Secret Superstars China premiere was in Beijing on 16 January 2018, and was attended by director Advait Chandan, actress Zaira Wasim, and singer Meghna Mishra. Khan could not attend, but planned to visit China shortly after the film's release. The premiere was also attended by Chinese filmmakers such as Peter Chan, Tsai Yueh Hsun, Daming Chen, and Zhang Jiajia, and Chinese actors such as the Luu Brothers. The film's reception at the premiere was positive, which includes Hong Kong filmmaker Peter Chan calling it his second-favourite Indian film after 3 Idiots (2009), and writer-director Zhang Jiajia being impressed with the film's theme of empowering women to pursue their dreams. Upon release, the film was promoted with a manhua comic featuring Aamir Khan with the same title as the film.
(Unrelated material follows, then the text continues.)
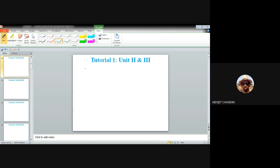Let me start with our first warm-up problem. No model and no circuit has been given. The question states that a particular amplifier design requires gm, the mutual transconductance, equal to 80 milliampere per volt, and rπ, the resistance between base and emitter, equal to 1.2 kilo ohms. You need to find the value of ICQ, the quiescent collector current, and β, the common emitter current gain.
Khan began his tour of China on 22 January 2018, and was greeted by film star Deng Chao upon arrival. He visited Shanghai, where he was welcomed by large crowds of fans. He then visited Beijing, where he attended the "Red Carpet for Aamir Khan and His Friends" event with Chandan and Wasim, then the Chinese-Indian Film Forum, and the film's press conference. The Chinese-Indian Film Forum, held by CCTV, was attended by a number of Chinese directors, stars, and film critics, including Chinese filmmaker Yu Baimei and Hong Kong filmmaker Stanley Tong, as well as former Olympic champion Liu Guoliang with whom Khan played a competitive ping pong (table tennis) match. Khan was also greeted by actor-singer Huang Bo, as well as other film stars including Liu Yifei and Jackie Chan in video messages.

==== Hong Kong ====
The film released in Hong Kong on 12 April 2018. On 15 April 2018, Aamir Khan arrived in Hong Kong for promotions. Khan and Zaira Wasim attended a promotional event with Hong Kong film star Andy Lau, who Khan has often been compared to by Chinese media. Khan and Wasim also attended the 37th Hong Kong Film Awards, where Khan presented the Best Actor award to actor Louis Koo. On 16 April 2018, Khan attended an event at the University of Hong Kong along with Cantopop singer Kay Tse, who later also attended the film's premiere.

===Distribution===
Zee Studios International acquired the rights Internationally.

== Music ==

Initially, Aamir Khan approached A. R. Rahman to compose music for the film. Prasoon Joshi was signed as the lyricist, thus reuniting the trio after Rang De Basanti (2006) and Ghajini (2008). But once the production was delayed, Rahman and Prasoon Joshi opted out of the project citing scheduling conflicts. The music of the film was composed by Amit Trivedi while the lyrics of the film were written by Kausar Munir. The album has eight tracks, with five of them being sung by Meghna Mishra. Mika Singh, Sunidhi Chauhan and Kushal Chokshi sang one song each. The music video of the song "Main Kaun Hoon" was released on 23 August 2017. The full soundtrack album was released on 21 September 2017.

==Reception==
===Box office===
Secret Superstar became one of the most profitable films of all time, grossing ₹905 crore, worldwide on a limited budget of ₹15 crore, with over % return on investment (ROI). The film is also the highest-grossing Indian film featuring a female protagonist, the highest-grossing 2017 Hindi film, the fourth highest-grossing Indian film worldwide, and the second highest-grossing Indian film overseas. In China, it is the fifth highest-grossing foreign film of 2018, and the second highest-grossing non-English foreign film ever (after Dangal).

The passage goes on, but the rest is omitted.